Search Techniques / Strategies
Uninformed Search:
- Depth-First Search (DFS)
- Breadth-First Search (BFS)
- Cost-First Search
Informed Search:
- Generate and Test
- Hill Climbing
- Best First Search
- Problem Reduction
- Constraint Satisfaction
- Means-end Analysis
- A* Search
- A0* Search
Types of Graphs
- Directed graph
- Undirected graph
- Weighted graph
- Cyclic graph
- Acyclic graph
- Bipartite graph
Uninformed/Blind Search
- Does not contain any domain knowledge (e.g., closeness, location of the goal).
- Operates in a brute-force way.
- Includes information about how to traverse the tree and identify leaf and goal nodes.

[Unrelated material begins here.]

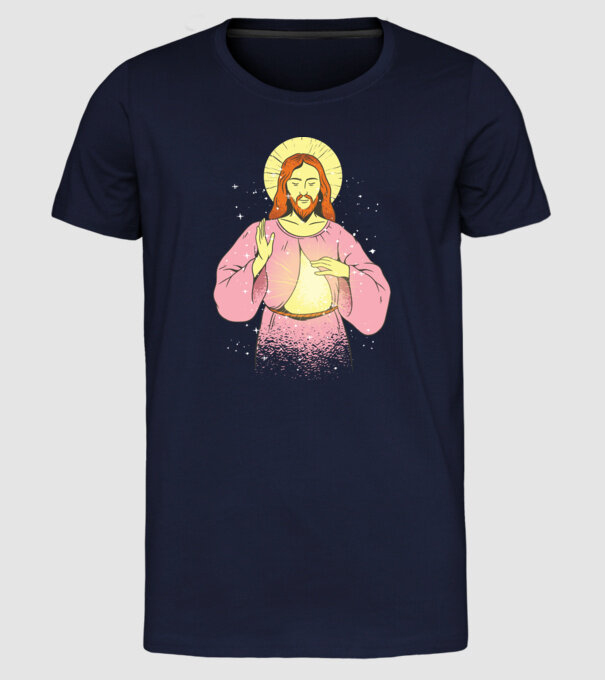 Iisus Hristos model albastru închis pe tricou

- Searches without information about the search space (initial state operators and test for the goal).
- Examines each node of the tree until the goal node is reached.
Informed Search
- Uses domain knowledge to guide the search.
- Can find a solution more efficiently than uninformed search.
- Also called a Heuristic search.
- A heuristic might not always guarantee the best solution but finds a good solution in a reasonable time.
- Can solve complex problems that might not be solvable otherwise.
Graph Definitions
- Two vertices are adjacent if they are joined by an edge.
- Vertex w is adjacent to v iff (v,w) \in E.
- In an undirected graph with edge (v, w), w is adjacent to v, and v is adjacent to w.
- A path between two vertices is a sequence of edges that begins at one vertex and ends at another vertex.
- w1, w2, …, wN is a path if (wi, w_{i+1}) \in E for 1 \leq i \leq N-1.
- A simple path passes through a vertex only once.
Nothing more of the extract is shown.